PJ Finance files amended plan based on new $22.5 million investment

By Caroline Salls

Pittsburgh, Jan. 23 - PJ Finance Co., LLC filed an amended plan of reorganization and disclosure statement on Jan. 23 to reflect the winning sponsorship offer from its equity owners, according to a filing with the U.S. Bankruptcy Court for the District of Delaware.

As previously reported, the original plan called for a $10 million investment by the equity owners. However, the sponsorship auction was reopened and several rounds of bidding occurred in December and January.

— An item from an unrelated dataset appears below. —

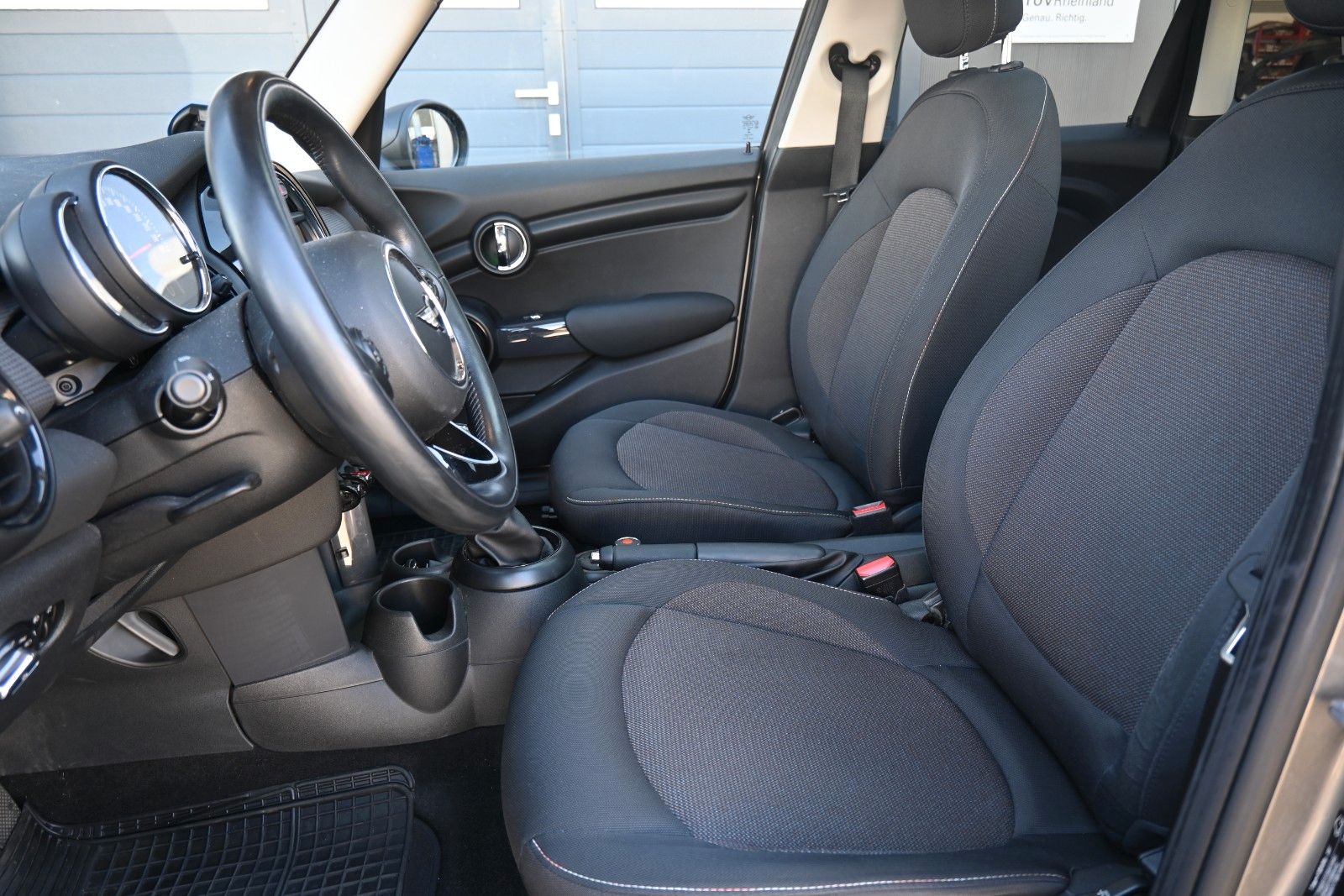 Fahrzeugabbildung MINI ONE Mini 5-trg. One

According to the amended disclosure statement, the plan sponsors will now invest $22.5 million. The sponsors have also committed to provide up to $5 million of additional funding to the extent they deem necessary.

The plan sponsors will receive 100% of the equity in the reorganized company.

The amended plan calls for the effective date to occur by April 15.

Under the amended plan, creditors will be treated as follows:

• Holders of administrative claims, priority tax claims, unsecured priority claims and secured claims of governmental units will be paid in full in cash;

• The company's senior lender will receive new senior debt in exchange for its secured claim and deficiency claim;

• Holders of other secured claims will either be paid in full in cash or receive the property securing the claim;

• Holders of general unsecured claims will receive a share of cash distributions from a general unsecured fund, minus the amount of a plan expense reserve;

• A general unsecured cure claims class has been eliminated from the amended plan; and

• All equity interests will be cancelled, and holders will receive no distribution.

Plan comparison

Under the original plan, treatment of creditors was as follows:

• Holders of administrative claims, priority tax claims, unsecured priority claims, general unsecured cure claims, other secured claims and secured claims of governmental units will be paid in full in cash;

• The holder of senior lender secured claims will receive new senior debt;

• Holders of general unsecured claims will receive a share of cash distributions from a net general unsecured fund, with the initial distribution to be made by the later of 60 business days after the plan effective date or 10 business days after the claim is allowed;

• The holder of the senior lender deficiency claim will receive a new senior unsecured note; and

• Holders of existing equity interests will receive no distribution.

PJ Finance is a Chicago-based owner of a portfolio of apartment communities in Arizona, Florida, Georgia, Tennessee and Texas. The company filed for bankruptcy on March 7, 2011. Its Chapter 11 case number is 11-10688.